INSTRUCTIONS TO FOLLOW
The material below has pictures in it. Set down only the lines from the line containing "1 værelses lejlighed i Viby J" through the line containing "2026 Merry Christmas", word for word, and leave the pictures behind.

INFORMATION SUPPLIED
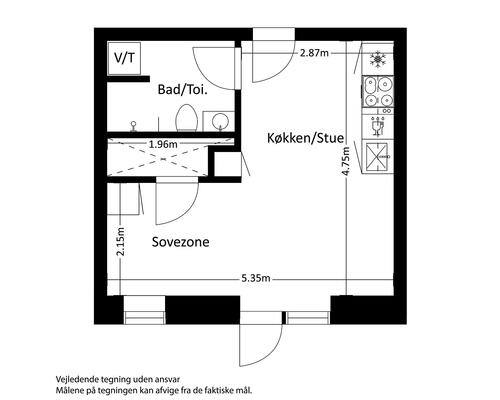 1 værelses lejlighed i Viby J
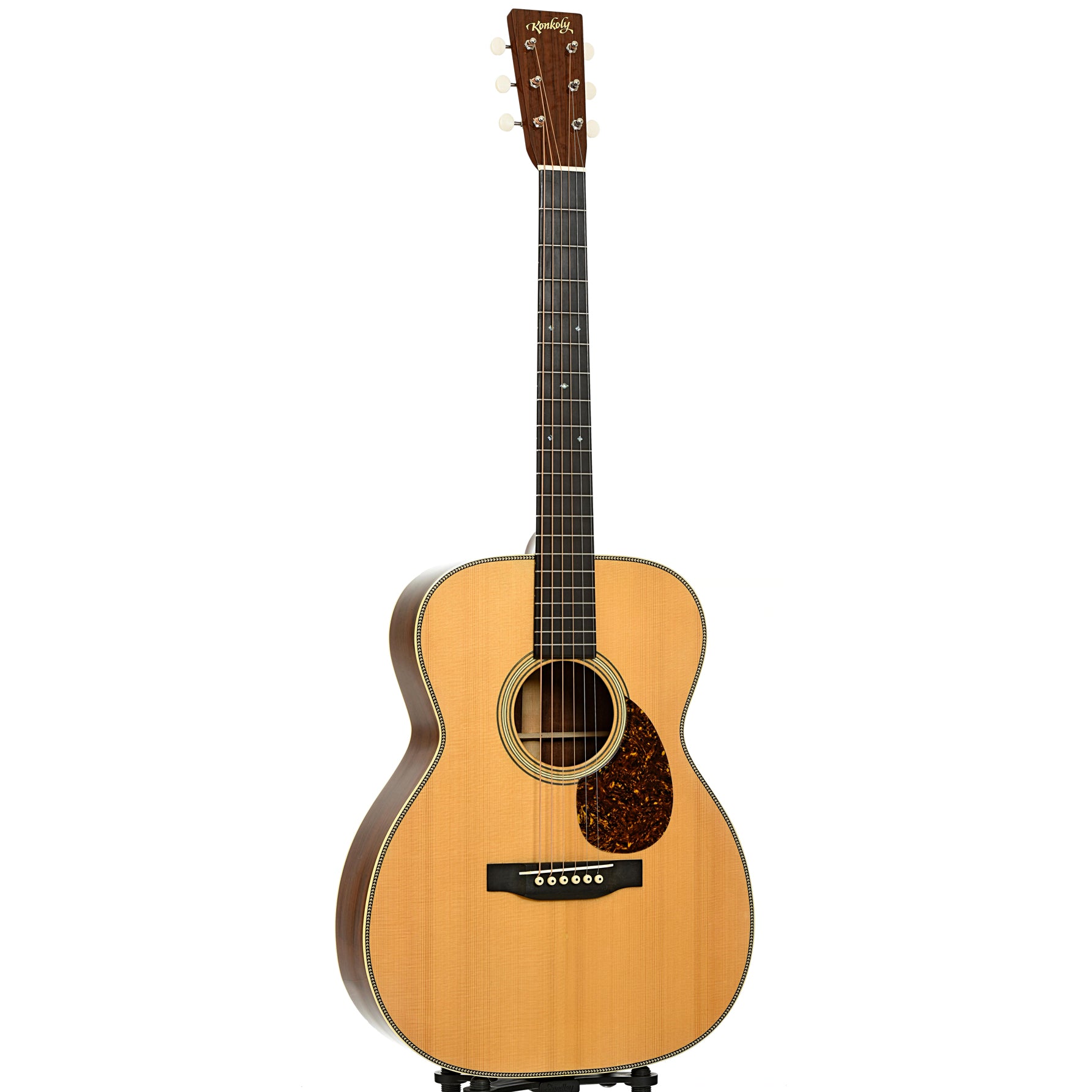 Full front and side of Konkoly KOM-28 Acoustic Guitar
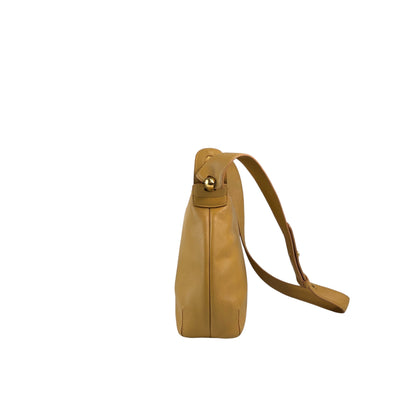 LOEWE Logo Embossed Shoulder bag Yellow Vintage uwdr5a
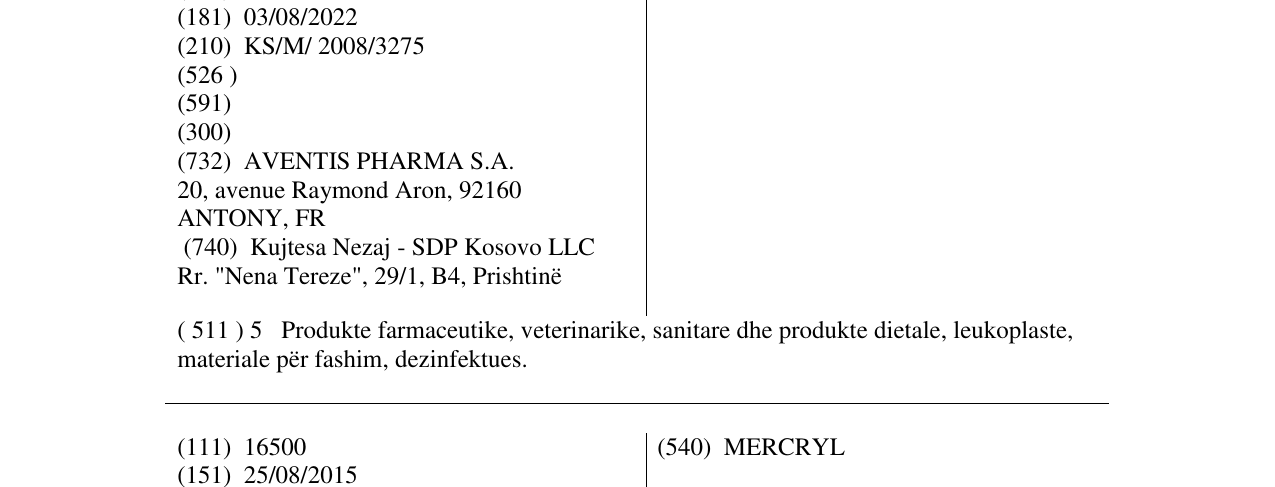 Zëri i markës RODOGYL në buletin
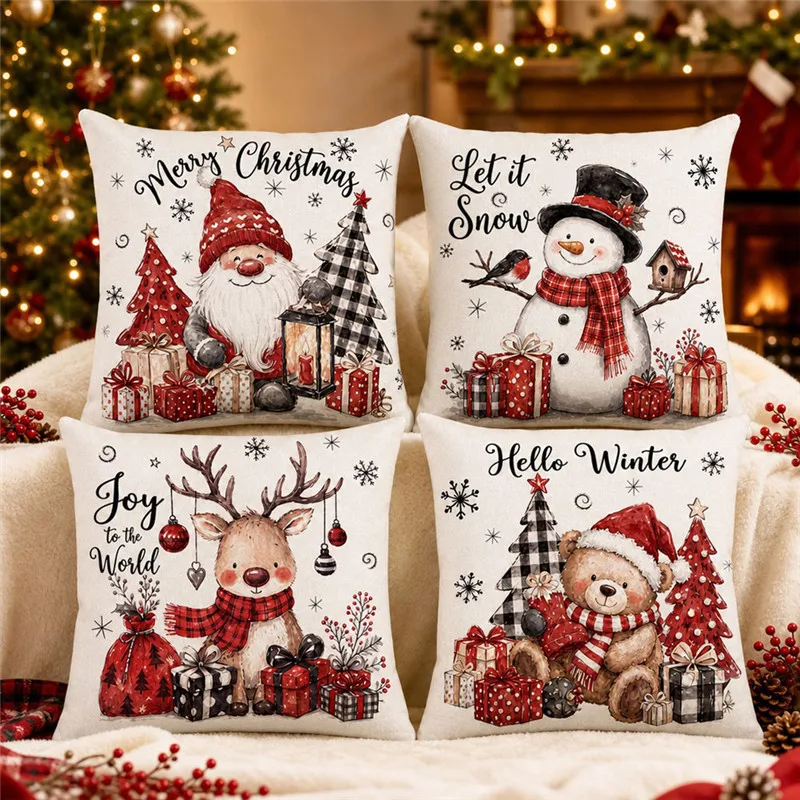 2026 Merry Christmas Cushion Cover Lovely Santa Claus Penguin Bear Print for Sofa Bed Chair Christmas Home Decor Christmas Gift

==

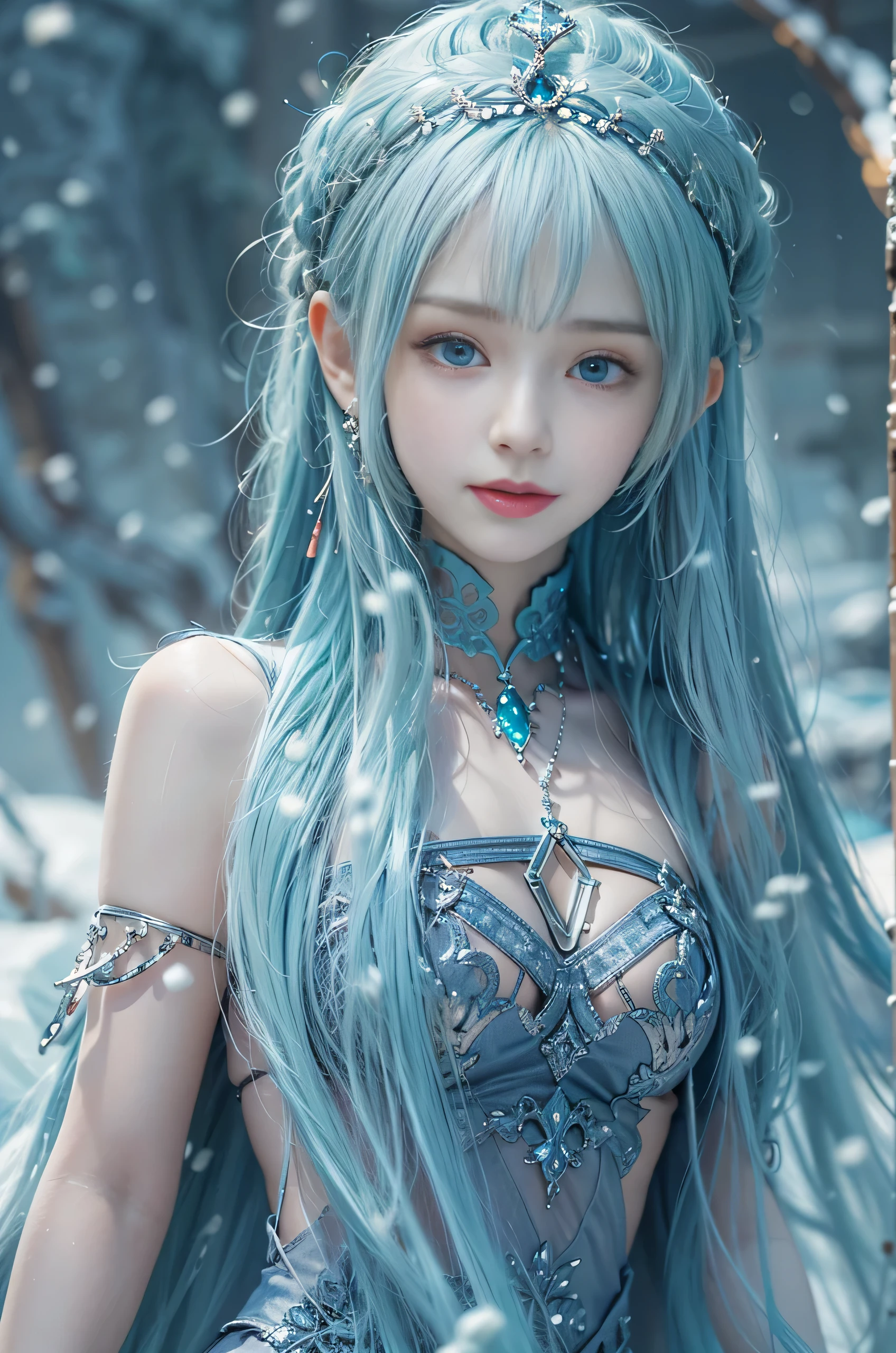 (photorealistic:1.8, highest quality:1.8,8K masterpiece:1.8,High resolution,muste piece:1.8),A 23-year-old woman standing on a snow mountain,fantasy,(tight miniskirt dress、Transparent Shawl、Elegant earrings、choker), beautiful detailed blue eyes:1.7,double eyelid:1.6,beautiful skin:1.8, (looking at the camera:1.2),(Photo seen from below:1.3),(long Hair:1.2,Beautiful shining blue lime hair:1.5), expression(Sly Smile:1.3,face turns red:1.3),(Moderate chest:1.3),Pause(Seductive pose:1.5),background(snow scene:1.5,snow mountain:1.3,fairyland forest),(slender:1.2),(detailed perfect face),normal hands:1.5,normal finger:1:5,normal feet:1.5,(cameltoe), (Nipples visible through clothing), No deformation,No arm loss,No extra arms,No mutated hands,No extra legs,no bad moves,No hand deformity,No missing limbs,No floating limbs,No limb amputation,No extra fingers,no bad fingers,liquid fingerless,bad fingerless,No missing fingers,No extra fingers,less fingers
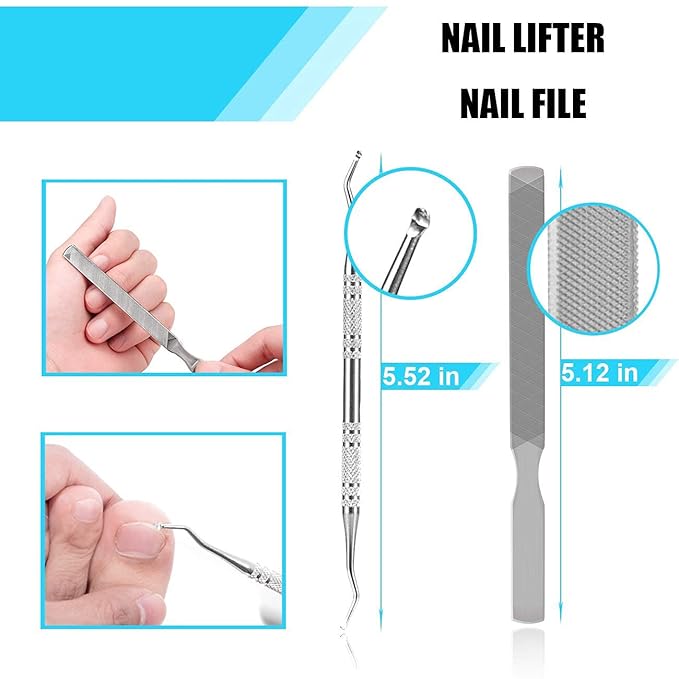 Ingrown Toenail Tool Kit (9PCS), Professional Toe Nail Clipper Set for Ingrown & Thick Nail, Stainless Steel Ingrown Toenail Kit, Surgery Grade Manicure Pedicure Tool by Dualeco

RESPONSE TO THIS TASK
 1 værelses lejlighed i Viby J
 Full front and side of Konkoly KOM-28 Acoustic Guitar
 LOEWE Logo Embossed Shoulder bag Yellow Vintage uwdr5a
 Zëri i markës RODOGYL në buletin
 2026 Merry Christmas Cushion Cover Lovely Santa Claus Penguin Bear Print for Sofa Bed Chair Christmas Home Decor Christmas Gift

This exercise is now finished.